◆ **ASSIGNMENT**
Write the line that contains "Read Infinite Mage EN Manga Online" and each one after it, word for word, ending with the final line of the data.

◆ **DATASET RECORDS**
* * *

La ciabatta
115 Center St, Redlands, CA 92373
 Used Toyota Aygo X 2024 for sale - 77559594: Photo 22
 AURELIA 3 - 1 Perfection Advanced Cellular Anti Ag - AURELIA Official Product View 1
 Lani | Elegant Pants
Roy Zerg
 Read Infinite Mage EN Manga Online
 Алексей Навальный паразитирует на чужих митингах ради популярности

* * *

◆ **RESPONSE BOX**
 Read Infinite Mage EN Manga Online
 Алексей Навальный паразитирует на чужих митингах ради популярности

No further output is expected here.